History of Rolling Hills Missile Silo

As the Soviet Union appeared to surpass American nuclear capability in the late 1950s, the U.S. government moved quickly to reassert its nuclear dominance

Source: Landry Brewer, Kansas History: A Journal of the Central Plains 43 (2020)

In the late 1950s, as the Soviet Union appeared to surpass American nuclear capabilities, the U.S. Government scrambled to level the playing field and began building ATLAS nuclear missiles.

With little to no concern for budget, the U.S. quickly constructed twelve intercontinental ballistic missile (ICBM) sites near the Schilling Air Force Base in Kansas. Kansas was the chosen location because it was outside the range of Soviet missiles launched from submarines positioned off either U.S. coast. To accomplish the enormous goal of building multiple ICBM sites around the country, the army created the Corps of Engineers Ballistic Missile Construction Office which mobilized hundreds of workers and spared no expense.
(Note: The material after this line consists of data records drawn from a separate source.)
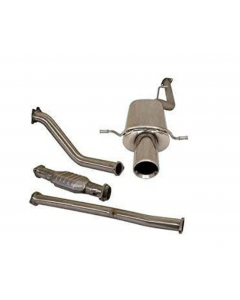 Turbo XS 02-07 WRX/STI Catted Standard Muffler Turboback Exhaust buy in USA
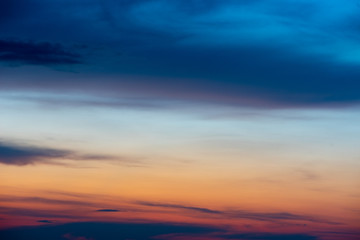 Fototapeta na wymiar Evening Sky,Amazing Sunset Colorful Cloud Background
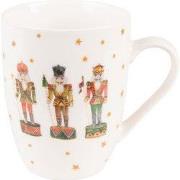 Clayre & Eef Mok 300 ml Beige Porselein Notenkrakers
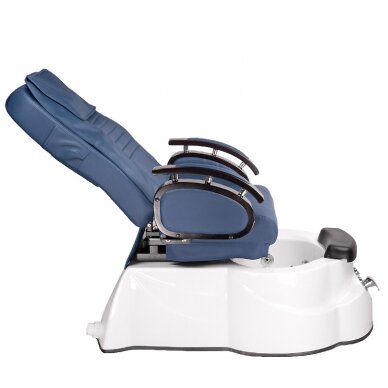 Профессиональный электрический ортопедический стул для процедур педикюра с функцией массажа BR-3820D, синего цвета 6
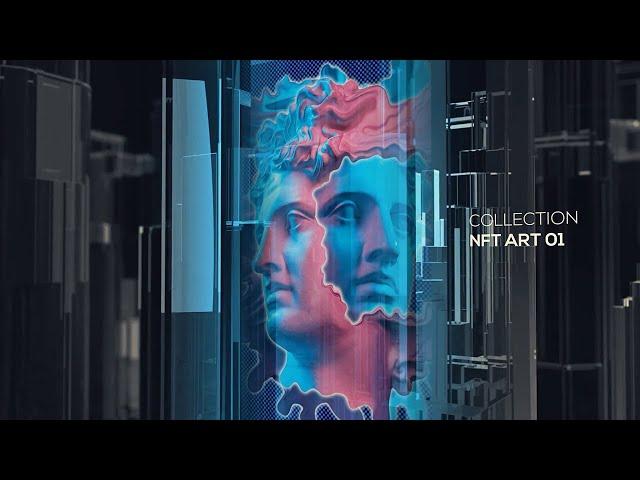 NFT Digital Virtual Art Gallery - After Effects Template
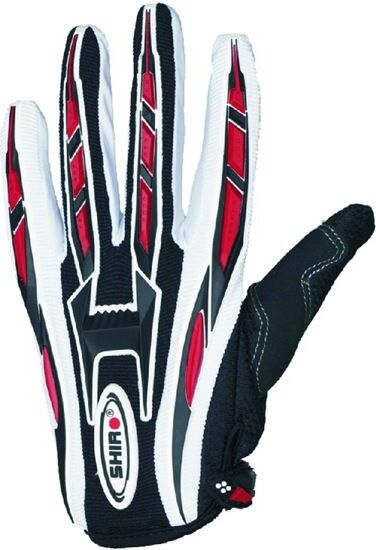 SHIRO Guantes Enduro  Mx-01 Negro Blanco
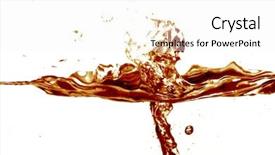  Presentation with ink splash - Audience pleasing presentation consisting of watersplash - cola splash on white background backdrop and a white colored foreground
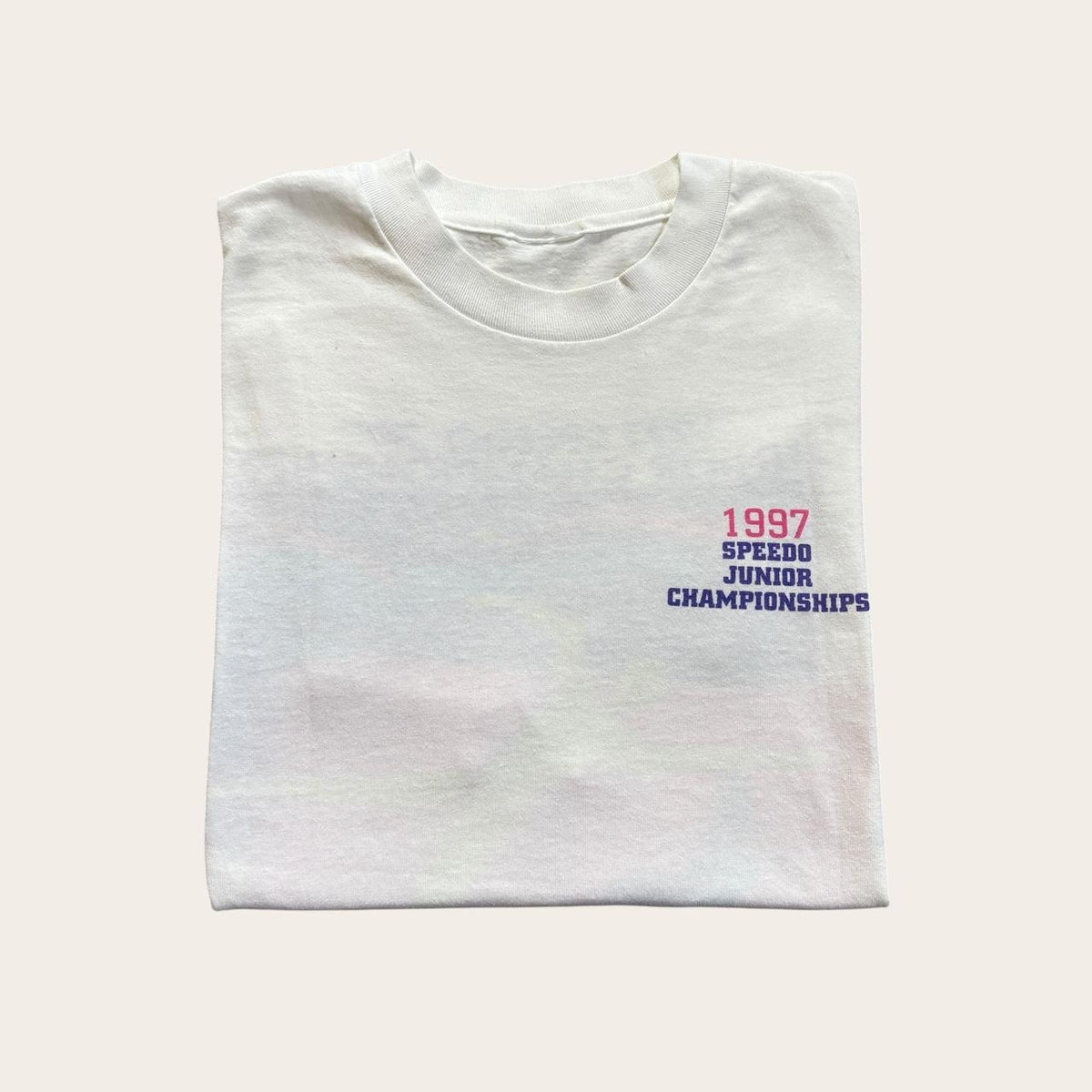 Vintage 90s USA Speedo junior swimming championships California t-shirt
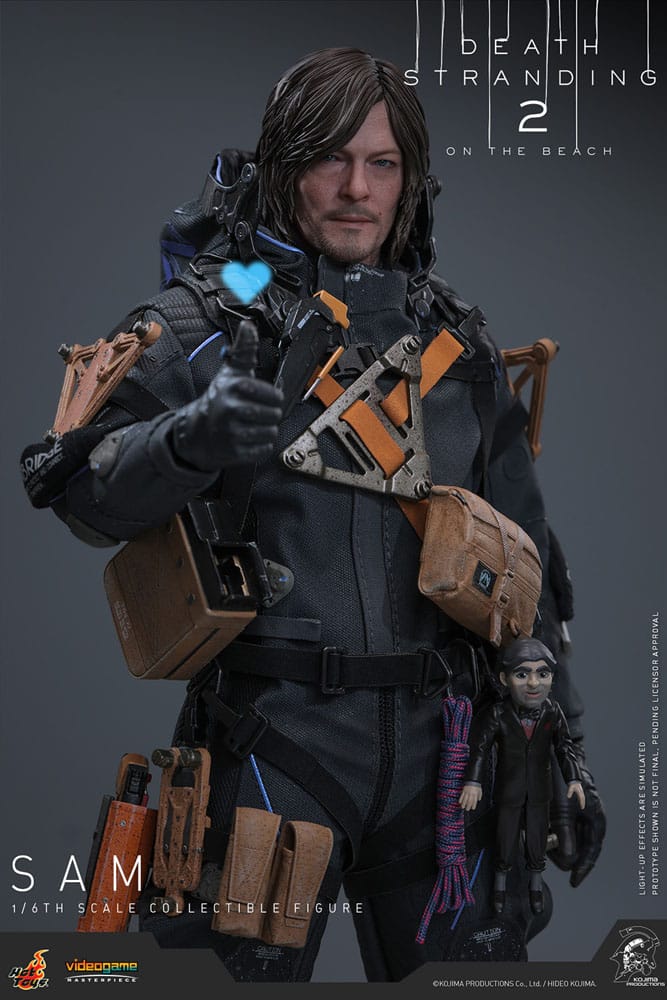 Death Stranding 2: On the Beach Videogame Masterpiece Action Figure 1/6 Sam 31 cm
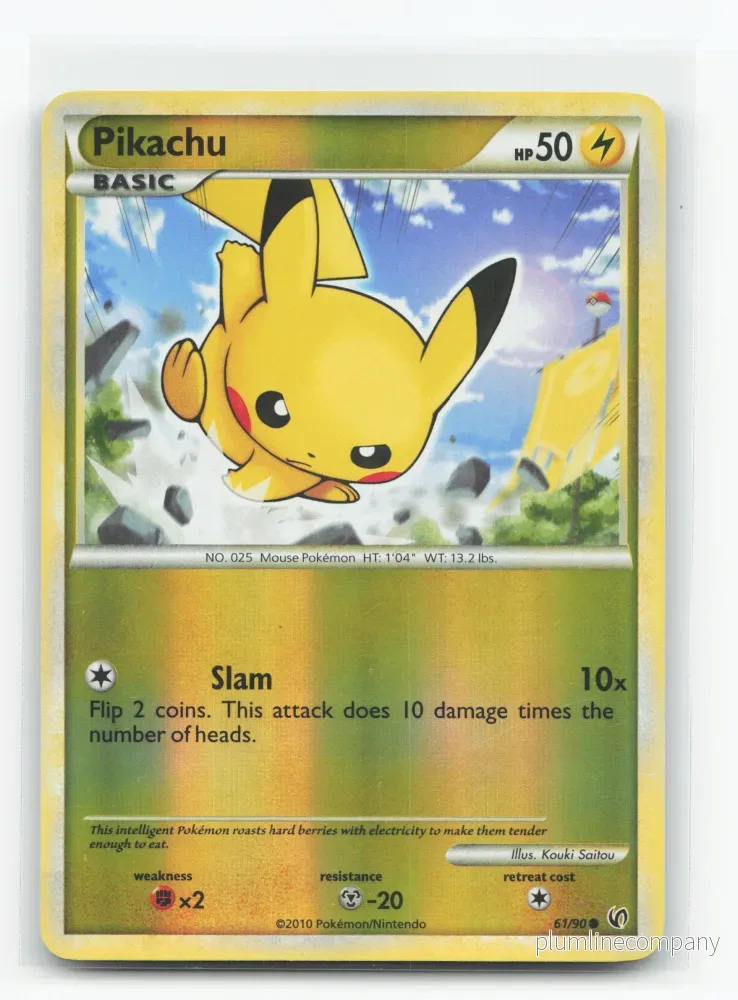 Pikachu 61/90 – HS—Undaunted Pikachu 61/90 – HS—Undaunted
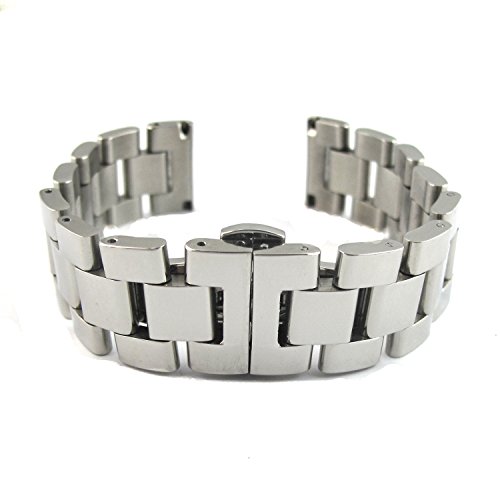MapofBeauty Luxus Edelstahl Armbanduhr-Uhren Uhrenarmband mit Sicherheitsdruckknopfschließe Unsichtbare Schließe( Silber&20 Millimeter) MapofBeauty Luxus Edelstahl Armbanduhr-Uhren Uhrenarmband mit Sicherheitsdruckknopfschließe Unsichtbare Schließe( Silber&20 Millimeter)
The most sophisticated of these missiles, the ATLAS “F,” measured 82.5” tall and 10 feet wide, weighed 267,136 when fully fueled, reached speeds of 16,000 mph, and traveled 7,000 in just 43 minutes. Each ATLAS warhead was equipped to deliver a 4-megaton yield which translates to a bomb 200 times more powerful than the atomic bombs dropped on Hiroshima and Nagasaki. Of all of the ATLAS missile sites, the “F” series was the most difficult and expensive to build.

The silos that housed the missiles were designed to protect both the missiles and launch crew from an incoming nuclear blast and to allow for a rapid response. In addition to using the strongest possible epoxy concrete, the massive steel rebar “crib” framework attaches to the silo walls with four enormous springs to act as oversized shock absorbers. The amount of concrete used in the Kansas ATLAS “F” silos could construct a highway 20 feet wide, six inches thick, that stretched from St. Louis past Chicago.

The Rolling Hills Missile Silo remained operational until June 1965. Both the United States and the Soviet Union understood that the nuclear capabilities of each country would mean mutually assured destruction should one country attack the other. In a letter to Kennedy, Khrushchev wrote that thermonuclear war was a choice that “Only lunatics or suicides, who themselves want to perish and to destroy the whole world before they die,” would make. As a result, the U.S. decommissioned nine Atlas E’s, twelve Atlas F’s, and eighteen Titan II’s, selling some to private owners and others to school districts and universities.

The Rolling Hills Missile Silo site is one of the very few that remains intact and available for purchase.